The task
Pictures excluded, reproduce exactly the lines below from the one with "Baseus Зарядний пристрій" through the one with "F4 lumineux avec", both included.

Data section
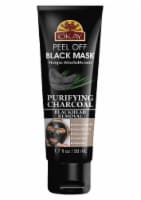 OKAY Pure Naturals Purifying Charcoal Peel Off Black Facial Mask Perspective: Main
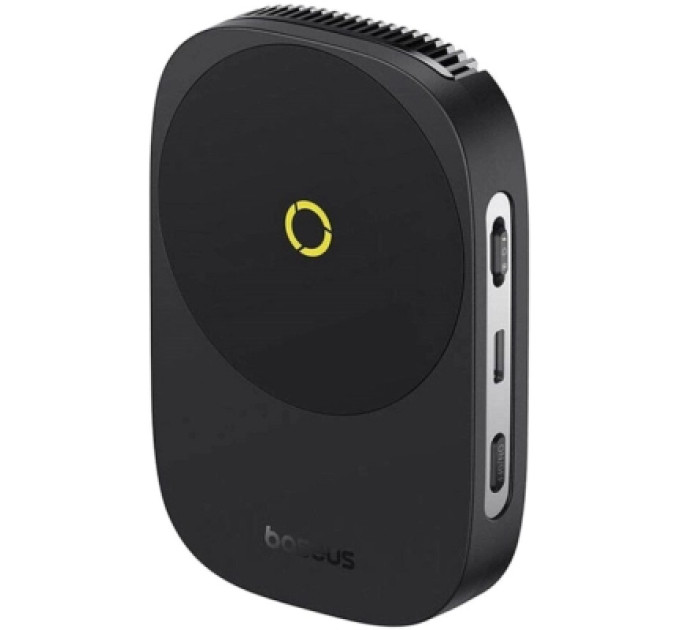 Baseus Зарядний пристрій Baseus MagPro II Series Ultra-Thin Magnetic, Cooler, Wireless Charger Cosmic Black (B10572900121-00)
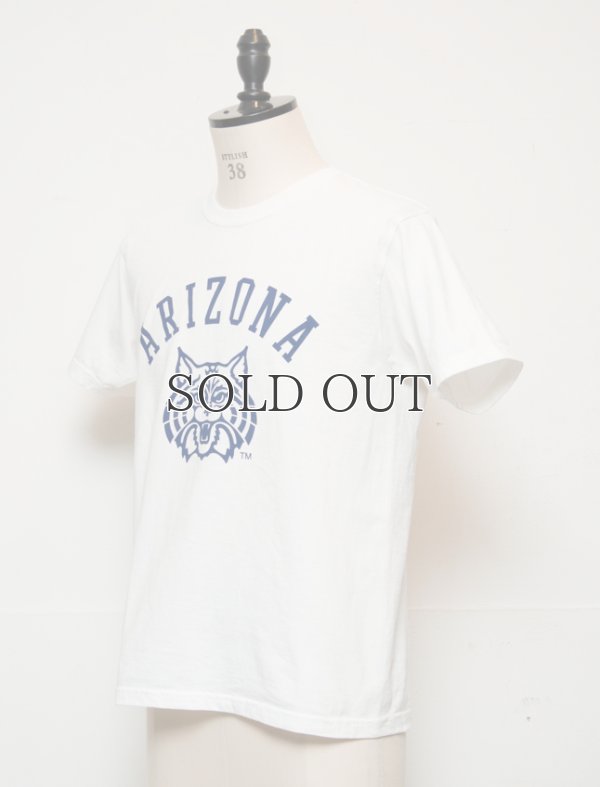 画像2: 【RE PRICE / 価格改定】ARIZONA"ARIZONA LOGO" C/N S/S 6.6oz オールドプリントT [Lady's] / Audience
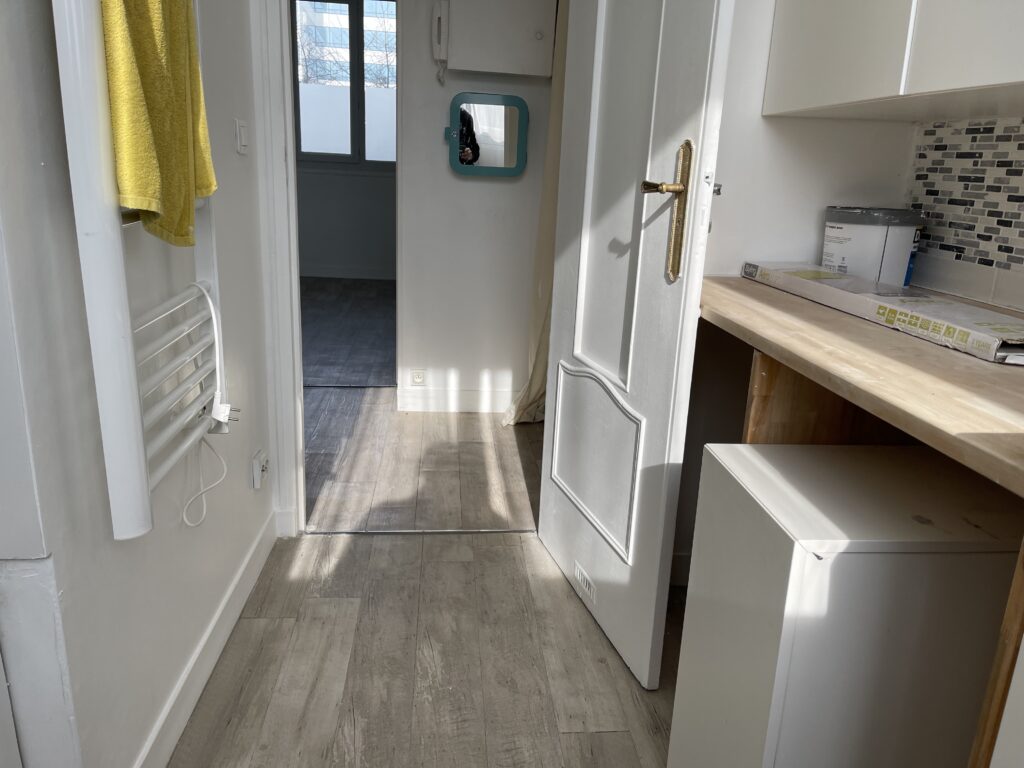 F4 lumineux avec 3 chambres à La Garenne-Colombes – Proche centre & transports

--

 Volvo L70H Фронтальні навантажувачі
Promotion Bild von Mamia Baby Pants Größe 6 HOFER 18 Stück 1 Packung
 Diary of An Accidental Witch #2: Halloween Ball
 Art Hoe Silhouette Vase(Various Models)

Written solution
 Baseus Зарядний пристрій Baseus MagPro II Series Ultra-Thin Magnetic, Cooler, Wireless Charger Cosmic Black (B10572900121-00)
 画像2: 【RE PRICE / 価格改定】ARIZONA"ARIZONA LOGO" C/N S/S 6.6oz オールドプリントT [Lady's] / Audience
 F4 lumineux avec 3 chambres à La Garenne-Colombes – Proche centre & transports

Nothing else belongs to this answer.